Dua pekan lalu saya menjadi moderator sosialisasi peraturan KPU (PKPU) Nomor 9 Tahun 2022 tentang partisipasi masyarakat terhadap pemilu 2024.
Beberapa perwakilan hadir dalam acara itu. Di antaranya jurnalis, pegiat media sosial, pemantau, lembaga survei dan hitung cepat, perwakilan organisasi perempuan, disabilitas, dan sebagainya.
Dalam sesi tanya jawab, ada jurnalis televisi berjaringan nasional yang tanya kepada narasumber. Narasumber adalah Ketua KPU Bandar Lampung Dedy Triyadi, jurnalis Tribun Lampung yang juga mantan ketua AJI Bandar Lampung Yoso Muliawan, dan dosen UIN Raden Intan Lampung Heru Juabdin Sada.
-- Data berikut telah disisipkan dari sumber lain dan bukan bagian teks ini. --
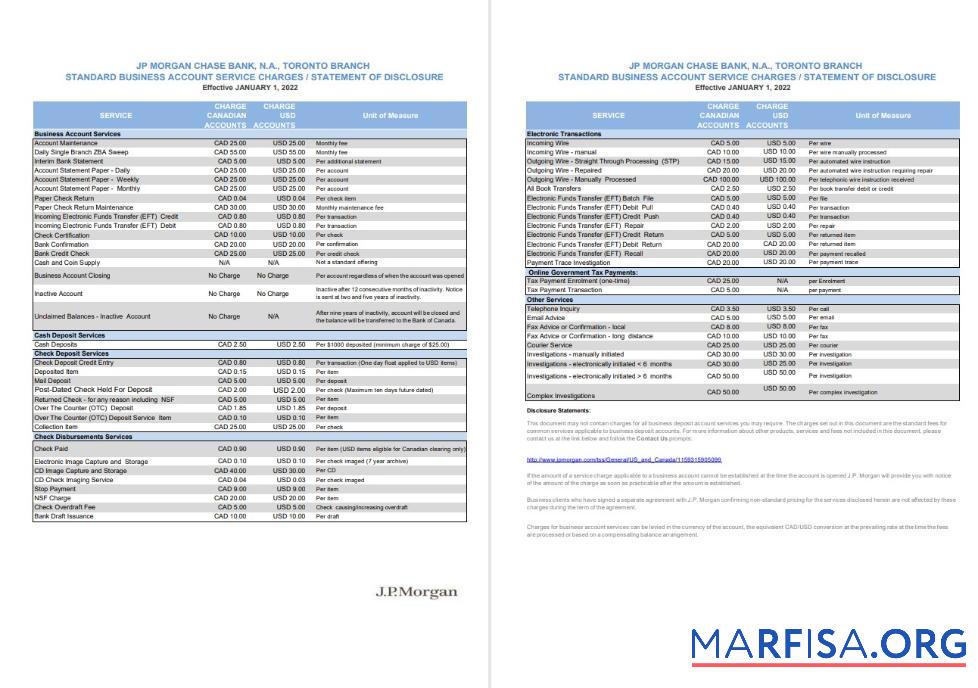 Printable USA JP Morgan bank statement word 2 pages version 2 template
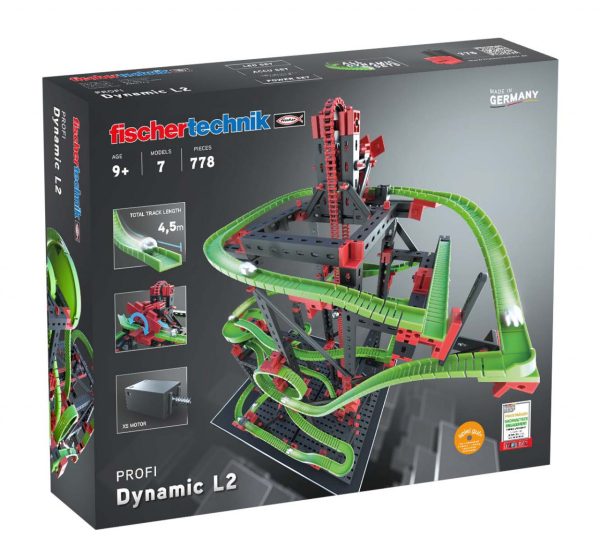 Kit STEM de construcție, cursă cu bilă metalică Dynamic L2, 780 de piese, Fischertechnik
Reporter televisi itu tanya, bagaimana ia bisa tetap independen meski bos utama medianya juga ketua umum partai politik yang akan berlaga di pemilu 2024. Jika merujuk partai yang ada, memang ada dua ketua umum yang juga pemilik media massa. Yang satu Surya Paloh, ketua umum Partai Nasdem, yang juga bos MetroTV.
Satu lagi Hary Tanoesoedibjo, ketua umum Partai Perindo yang juga pemilik MNC Grup yang bernaung di dalamnya RCTI, MNC, Global, dan InewsTV.
Publik barangkali khawatir pemilik media massa itu menggunakan sumber daya medianya untuk kepentingan partai politik. Beberapa tahun yang lampau juga banyak kritik kepada MNC yang acap menayangkan mars Partai Perindo di televisi yang berjaringan di dalamnya. Meski sudah gencar mars itu, suara Perindo juga tak cukup masuk ambang batas suara parlemen.
Demikian juga dengan MetroTV yang dikhawatirkan publik banyak menayangkan berita Partai Nasdem sehingga mengurangi hak publik dalam mendapatkan informasi lainnya.
Saya ingin mendedahkan ini dengan simpel saja. Bahwa pemilik media massa itu aktif di partai politik, adalah hak semua warga. Bahwa ia menjabat ketua partai, juga merupakan hak dalam demokrasi.
Lantas, dengan media massa yang ia punya, ia memanfaatkan semaksimal mungkin untuk membantu mensosialisasikan program partai. Dalam konteks itu juga masih wajar. Apalagi kalau produk yang dihasilkan itu berita yang faktual. Bahwa kemudian tayangan soal partai yang dipimpin bos media itu mendominasi, juga masih dalam konteks yang wajar.
Pendek kata, suka-suka kamu saja mengelolanya. Toh partai dan media massa itu punya kamu. Sampai di sini dulu penjelasannya.